## EXERCISE
Of the entries below, return exactly those lines that fall between the one containing "Thankful Grateful Blessed" and the one containing "Episode 30 - 2019", the two end lines included.

--- INFORMATION PROVIDED Enclosed Below ---

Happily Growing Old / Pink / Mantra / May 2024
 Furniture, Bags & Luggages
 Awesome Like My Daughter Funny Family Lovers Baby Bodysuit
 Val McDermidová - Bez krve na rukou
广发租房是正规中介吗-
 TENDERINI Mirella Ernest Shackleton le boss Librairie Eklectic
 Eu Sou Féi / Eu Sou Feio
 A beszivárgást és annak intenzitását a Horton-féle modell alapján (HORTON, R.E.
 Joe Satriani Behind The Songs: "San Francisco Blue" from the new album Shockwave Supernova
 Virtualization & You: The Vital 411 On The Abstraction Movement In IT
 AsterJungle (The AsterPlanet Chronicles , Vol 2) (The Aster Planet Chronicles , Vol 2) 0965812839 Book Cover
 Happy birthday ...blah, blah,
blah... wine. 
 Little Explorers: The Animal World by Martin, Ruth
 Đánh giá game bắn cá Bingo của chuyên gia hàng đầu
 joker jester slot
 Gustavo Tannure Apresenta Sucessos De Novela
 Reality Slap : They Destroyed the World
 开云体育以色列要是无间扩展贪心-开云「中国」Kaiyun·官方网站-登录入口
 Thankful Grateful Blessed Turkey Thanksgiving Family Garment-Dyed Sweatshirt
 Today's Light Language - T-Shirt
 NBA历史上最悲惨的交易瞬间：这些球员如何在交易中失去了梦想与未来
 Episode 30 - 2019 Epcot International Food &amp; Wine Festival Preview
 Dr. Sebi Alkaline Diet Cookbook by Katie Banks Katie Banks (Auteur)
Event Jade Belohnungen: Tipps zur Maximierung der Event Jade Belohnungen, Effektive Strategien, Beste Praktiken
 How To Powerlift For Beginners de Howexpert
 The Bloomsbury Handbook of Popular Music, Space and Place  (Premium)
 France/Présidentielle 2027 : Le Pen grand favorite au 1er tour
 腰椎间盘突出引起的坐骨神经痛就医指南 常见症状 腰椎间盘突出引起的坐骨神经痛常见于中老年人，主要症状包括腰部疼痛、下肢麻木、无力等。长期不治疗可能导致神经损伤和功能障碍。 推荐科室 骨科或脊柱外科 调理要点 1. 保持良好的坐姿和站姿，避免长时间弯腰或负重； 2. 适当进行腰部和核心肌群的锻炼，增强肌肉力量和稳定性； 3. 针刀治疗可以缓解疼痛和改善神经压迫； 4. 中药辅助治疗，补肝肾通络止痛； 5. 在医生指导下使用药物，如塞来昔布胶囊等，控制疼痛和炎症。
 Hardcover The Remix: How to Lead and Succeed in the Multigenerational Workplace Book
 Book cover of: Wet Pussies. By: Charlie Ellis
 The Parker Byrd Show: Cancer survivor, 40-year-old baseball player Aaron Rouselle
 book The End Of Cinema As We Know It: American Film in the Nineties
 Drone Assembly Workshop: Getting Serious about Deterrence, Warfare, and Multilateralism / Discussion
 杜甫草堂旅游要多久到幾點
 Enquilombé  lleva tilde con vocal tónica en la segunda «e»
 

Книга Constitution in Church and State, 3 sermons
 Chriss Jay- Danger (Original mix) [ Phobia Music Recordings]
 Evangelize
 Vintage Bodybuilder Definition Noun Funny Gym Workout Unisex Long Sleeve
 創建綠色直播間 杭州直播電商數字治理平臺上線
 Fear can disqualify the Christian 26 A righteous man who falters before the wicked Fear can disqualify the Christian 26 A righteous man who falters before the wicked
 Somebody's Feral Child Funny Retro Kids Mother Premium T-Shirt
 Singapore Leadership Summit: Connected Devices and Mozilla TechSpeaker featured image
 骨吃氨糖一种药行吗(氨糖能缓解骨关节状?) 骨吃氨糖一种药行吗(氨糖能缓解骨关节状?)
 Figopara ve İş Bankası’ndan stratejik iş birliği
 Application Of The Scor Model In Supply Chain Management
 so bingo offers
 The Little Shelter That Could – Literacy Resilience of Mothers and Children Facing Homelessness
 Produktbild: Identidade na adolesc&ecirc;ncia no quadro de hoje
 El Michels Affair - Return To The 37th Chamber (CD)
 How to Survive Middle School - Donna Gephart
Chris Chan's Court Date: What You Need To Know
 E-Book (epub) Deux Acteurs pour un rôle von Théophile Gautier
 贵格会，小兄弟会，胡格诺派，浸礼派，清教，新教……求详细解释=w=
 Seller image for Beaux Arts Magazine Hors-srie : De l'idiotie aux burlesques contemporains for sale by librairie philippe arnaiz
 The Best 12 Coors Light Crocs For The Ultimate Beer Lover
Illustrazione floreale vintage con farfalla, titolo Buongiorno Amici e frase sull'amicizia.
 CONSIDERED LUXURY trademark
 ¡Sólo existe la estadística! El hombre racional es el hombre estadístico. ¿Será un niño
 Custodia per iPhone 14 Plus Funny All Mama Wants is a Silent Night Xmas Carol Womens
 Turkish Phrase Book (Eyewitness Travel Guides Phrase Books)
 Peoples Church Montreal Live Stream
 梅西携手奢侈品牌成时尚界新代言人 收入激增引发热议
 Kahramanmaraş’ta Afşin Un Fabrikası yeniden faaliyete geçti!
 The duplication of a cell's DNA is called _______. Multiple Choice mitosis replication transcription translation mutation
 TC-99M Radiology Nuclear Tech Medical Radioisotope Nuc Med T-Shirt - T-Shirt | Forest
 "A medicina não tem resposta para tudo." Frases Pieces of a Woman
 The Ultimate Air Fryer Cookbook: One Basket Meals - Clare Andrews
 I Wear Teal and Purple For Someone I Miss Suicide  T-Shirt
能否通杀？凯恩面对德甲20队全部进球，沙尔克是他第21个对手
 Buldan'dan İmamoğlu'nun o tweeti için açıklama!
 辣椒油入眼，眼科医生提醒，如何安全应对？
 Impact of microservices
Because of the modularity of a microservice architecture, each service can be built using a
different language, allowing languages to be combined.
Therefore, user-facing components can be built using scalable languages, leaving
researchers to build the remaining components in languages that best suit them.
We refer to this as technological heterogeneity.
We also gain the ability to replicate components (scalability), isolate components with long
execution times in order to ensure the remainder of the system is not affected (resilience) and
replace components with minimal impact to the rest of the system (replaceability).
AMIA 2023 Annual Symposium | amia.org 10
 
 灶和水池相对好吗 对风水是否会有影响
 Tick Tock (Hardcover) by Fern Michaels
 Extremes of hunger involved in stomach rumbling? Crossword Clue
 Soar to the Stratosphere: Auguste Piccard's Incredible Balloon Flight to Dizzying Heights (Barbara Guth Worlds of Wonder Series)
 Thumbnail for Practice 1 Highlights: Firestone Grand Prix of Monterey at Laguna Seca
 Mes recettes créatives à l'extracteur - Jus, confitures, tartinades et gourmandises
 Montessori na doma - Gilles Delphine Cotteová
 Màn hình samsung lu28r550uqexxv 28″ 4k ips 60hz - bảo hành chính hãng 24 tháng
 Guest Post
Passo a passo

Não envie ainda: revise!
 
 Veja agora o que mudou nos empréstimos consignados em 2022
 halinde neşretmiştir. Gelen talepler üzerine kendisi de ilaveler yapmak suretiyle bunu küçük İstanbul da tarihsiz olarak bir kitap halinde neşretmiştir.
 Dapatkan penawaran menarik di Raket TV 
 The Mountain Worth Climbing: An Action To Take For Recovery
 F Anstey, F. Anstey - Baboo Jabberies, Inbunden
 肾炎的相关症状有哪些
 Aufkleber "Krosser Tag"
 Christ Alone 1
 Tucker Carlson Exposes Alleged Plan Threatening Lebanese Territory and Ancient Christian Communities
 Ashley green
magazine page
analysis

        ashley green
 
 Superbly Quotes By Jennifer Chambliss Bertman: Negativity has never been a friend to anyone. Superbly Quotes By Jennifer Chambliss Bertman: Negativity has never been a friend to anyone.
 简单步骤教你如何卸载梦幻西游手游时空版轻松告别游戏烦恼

--- End of Enclosed INFORMATION PROVIDED ---

## TASK SOLUTION
 Thankful Grateful Blessed Turkey Thanksgiving Family Garment-Dyed Sweatshirt
 Today's Light Language - T-Shirt
 NBA历史上最悲惨的交易瞬间：这些球员如何在交易中失去了梦想与未来
 Episode 30 - 2019 Epcot International Food &amp; Wine Festival Preview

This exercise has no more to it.